Leslie Printice was a young widow in New York City when she
first became active in the pro-life movement. A member of Gardiner Spring's congregation at the prominent
Brick Presbyterian Church, she was encouraged by his sermons on child-killing
to take a bold and active stand.
She organized several meetings in her midtown Manhattan brownstone of
doctors, lawyers, politicians, judges, and community leaders to hear the facts
about the abortion trade. Under
the auspices of the church she set up the New York Parent and Child
Committee. The committee
established prayer networks, sidewalk counseling shifts, and even alternative
care programs with Christian doctors.
It also organized regular protests in front of Anna Lohman's five area
abortion franchises--known professionally as Madame Restell, Lohman was the
boldest, richest, and most visible child-killer.
Tenacious and unrelenting, Leslie led a rally outside
Lohman's lavish home on this day that was by turns emotional, physical, and
fierce. When Lohman went to trial
for the first time the next year, Leslie was there--despite innumerable threats
on her life from a number of the gangsters on Lohman's payroll--to testify with
several children "saved from the butcher's knife."

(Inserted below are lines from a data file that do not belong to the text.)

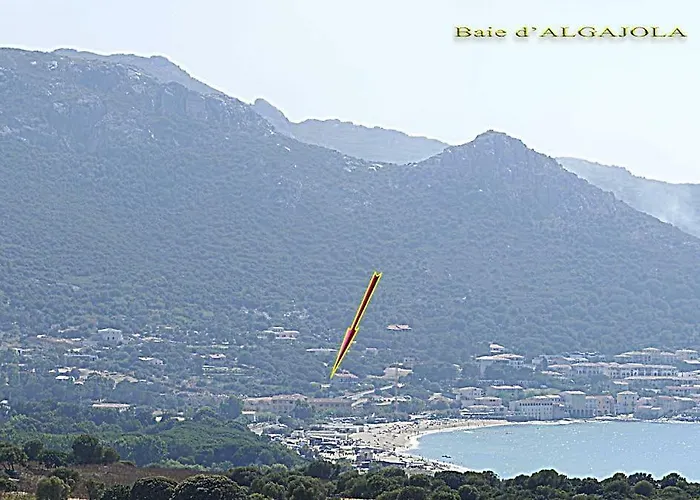 Appartement Studio Vue Mer Algajola (Corsica)
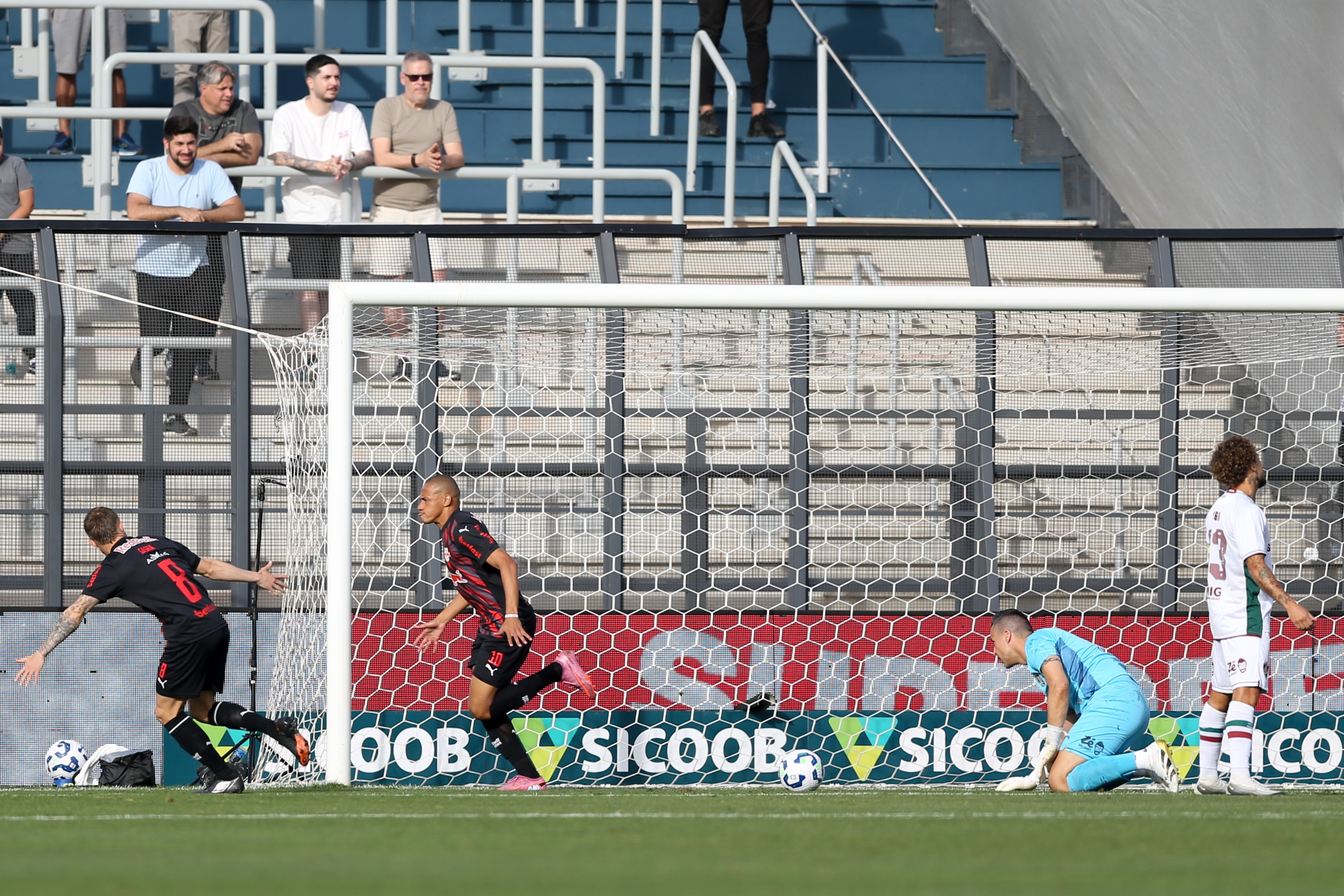Análise: Fluminense faz jogo desastroso e é cobrado merecidamente por Renato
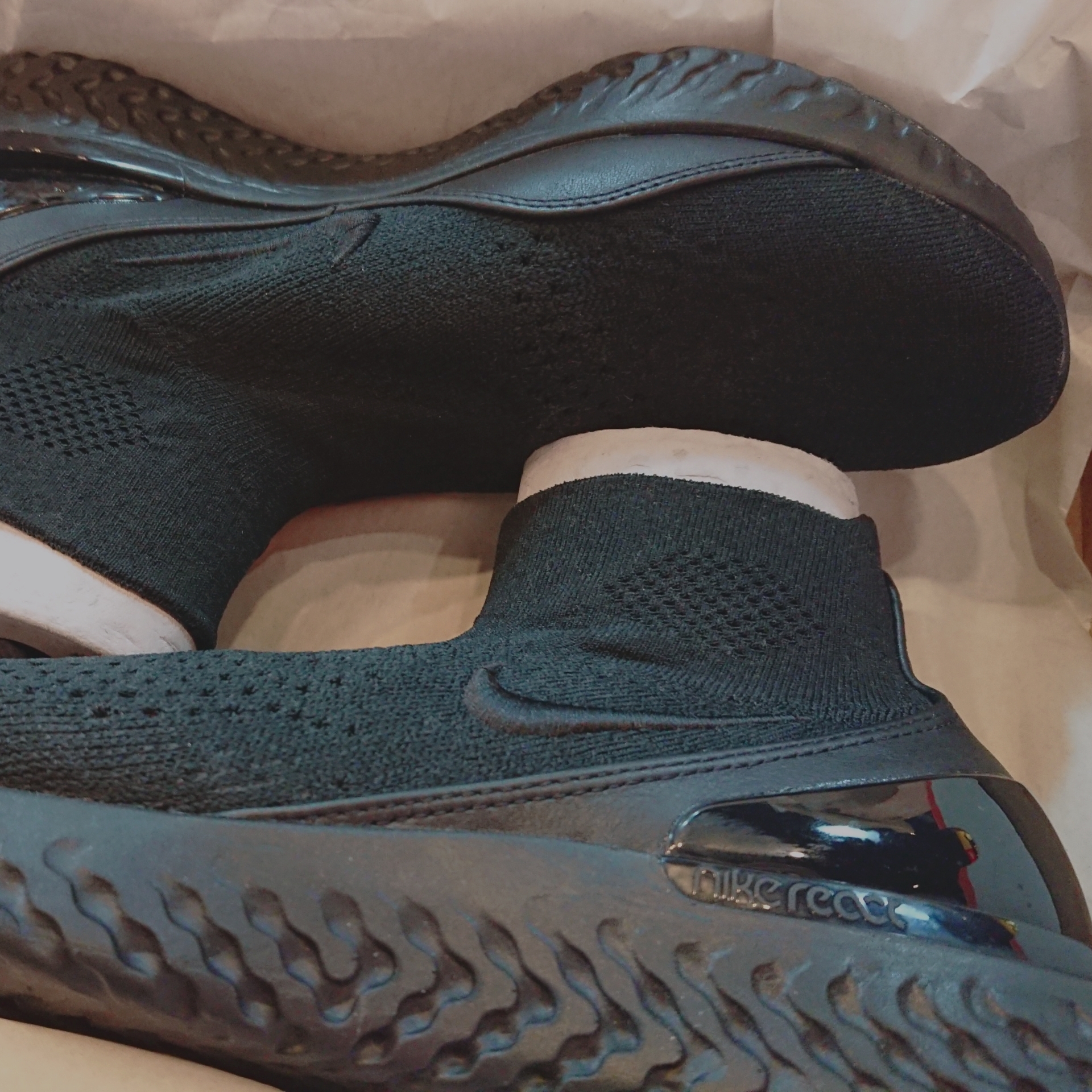 Nike Rise React Flyknit Triple Black 착용 스타일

Nearly half a century later, her efforts
were recognized in Albany by Governor Theodore Roosevelt as the primary catalyst for the
state's tougher legislation and stiffer enforcement of protections for the essential right to life of all New Yorkers.
1 comment:
Her conviction and determination were evidence of God's unbelievable grace. I'm reminded of I John 5:5 and strive to have a heart like this.